The most unusual PDSA Medal recipients of all time

by PDSA | 31 March #News

It’s been almost ten years since we awarded Dotty the donkey the PDSA Certificate for Animal Bravery. To mark the milestone date, we’re revisiting Dotty’s incredible story and looking back at some of the most unusual PDSA Medal recipients of all time.

Since the inception of our PDSA Animal Awards programme in 1943, we’ve had the privilege of recognising amazing animals of all shapes and sizes for their incredible bravery and devotion to duty.

We have three globally recognised Medals - the PDSA Dickin Medal, PDSA Gold Medal and PDSA Order of Merit, as well as a Commendation for devotion.

Over the years, we’ve honoured all kinds of animals - from life-saving donkeys to courageous cats. Here are some of our most unusual recipients:

 

1. Dotty the donkey

In April 2011, Dotty the donkey was awarded the PDSA Certificate for Animal Bravery for saving her friend, Stanley the sheep.

Dotty came to the aid of her friend Stanley in their shared paddock when a dog went to attack him. When she saw Stanley in distress, she charged down the field and pinned the dog to the ground until it let go of the five-year-old sheep.

Dotty showed herself to be a true protector of the animals she sees as her family. Her bravery saved Stanley from further harm and potentially death.

 

2. Simon the cat

In the summer of 1949 during the Chinese Civil War, HMS Amethyst came under fire while cruising along the Yangtze river. The ship’s captain died and many others were injured, including the ship’s cat, Simon.

HMS Amethyst received more than fifty direct hits and the ship and the crew members left on board ended up stranded in mid-river for almost ten weeks.

Hot, humid conditions were the perfect breeding ground for a rat infestation. The already limited food supplies were in danger of being completely destroyed. Despite shrapnel wounds to his legs and burns to his back and face, Simon hunted the rats down.

The rats were big and fierce and had even attacked crew members. But this didn’t stop Simon. One particularly vicious rat, nicknamed Moa Tse-tung, carried out repeated attacks on the food supplies. When Simon killed it, the crew were so impressed they promoted Simon to ‘Able Seaman’.

As the weeks went by, Simon continued protecting supplies and lifting his injured shipmates’ morale. In 1949 Simon was awarded the PDSA Dickin Medal for ‘behaviour of the highest order’. He is only cat to ever receive the honour.

 

3. Roary the rabbit

Roary the rabbit was awarded a PDSA Commendation in 2016 for supporting his eighteen-year-old owner Ellie through a family bereavement, issues at school and her battle with anorexia.

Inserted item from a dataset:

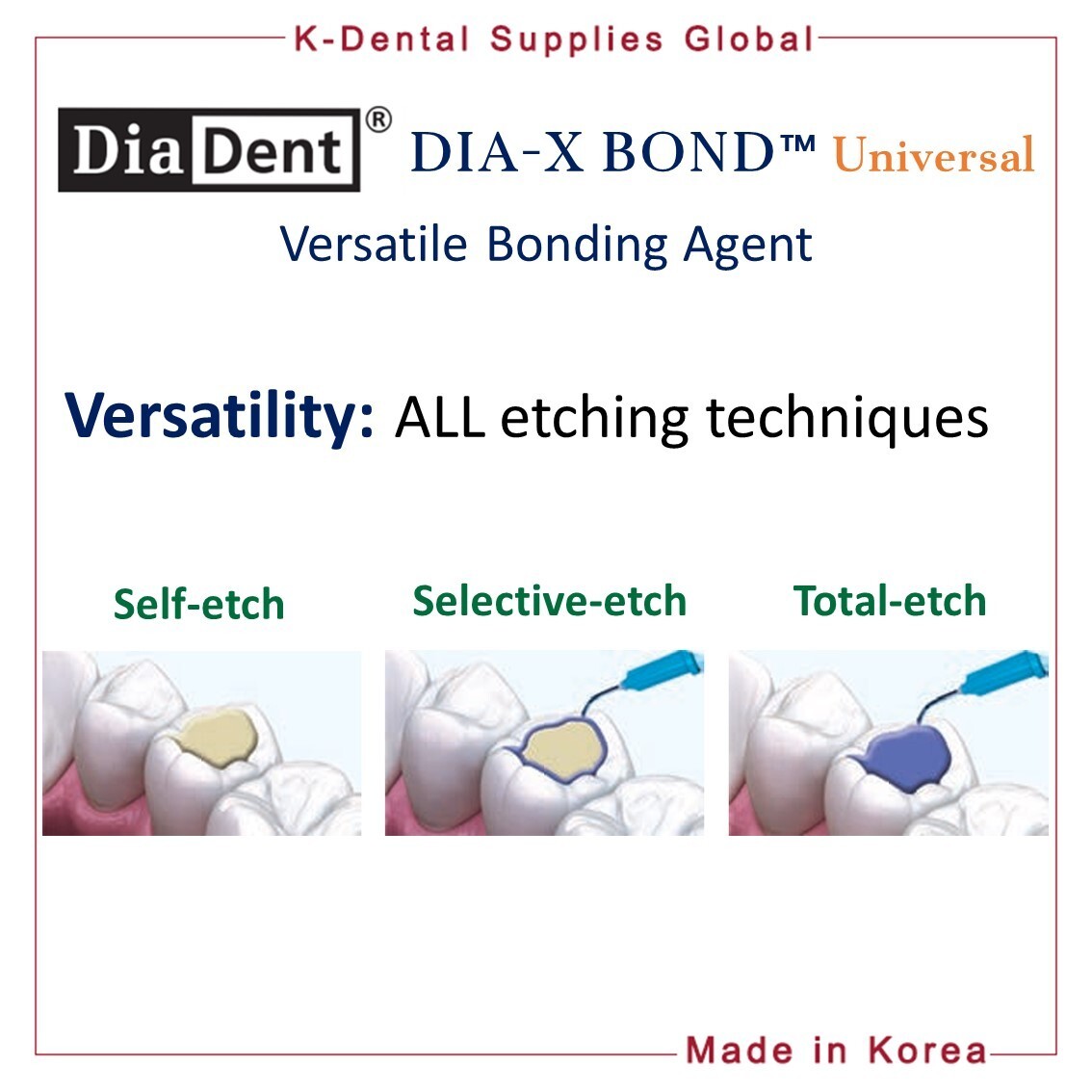 Diadent Dia-X Bond Universal Versatile Dental Bonding Agent 5ml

Ellie sadly lost her granddad. She was also having problems at school and was struggling to cope. She became unwell with an eating disorder, anorexia, and come out of school. She was getting professional help for her illness, but still felt there was something missing in her life.

Ellie’s mum Joanne got two rabbits, Roary and Tiger, in the hope that having responsibility for their care would help her daughter to get better. Sadly Tiger died in 2012.

While she was out of school, Ellie spent every day with Roary and Tiger. They helped to ease the pain and she slowly began to feel like herself again. Roary in particular changed her life through his companionship.

 

4. Magawa the rat

Landmine detection rat Magawa received the PDSA Gold Medal in 2020 for his life-saving work in Cambodia.

A charity called APOPO have been training rats to detect landmines since the early 1990s. Even today, it’s estimated that there are still 80 million landmines around the world which are lying active and unknown.

Magawa’s official job title is HeroRAT. On a daily basis, Magawa’s work has a direct impact on the people in the communities in which he works. For every landmine or unexploded remnant he finds, he eradicates the risk of death or serious injury in locations already suffering significant hardship.

Before receiving his medal, Magawa had discovered 39 landmines and 28 items of unexploded ordnance, making him APOPO’s most successful HeroRAT and a more than worthy candidate for the PDSA Gold Medal.

During his career he has helped clear over 141,000 square metres of land (the equivalent of twenty football pitches), making it safe for local people.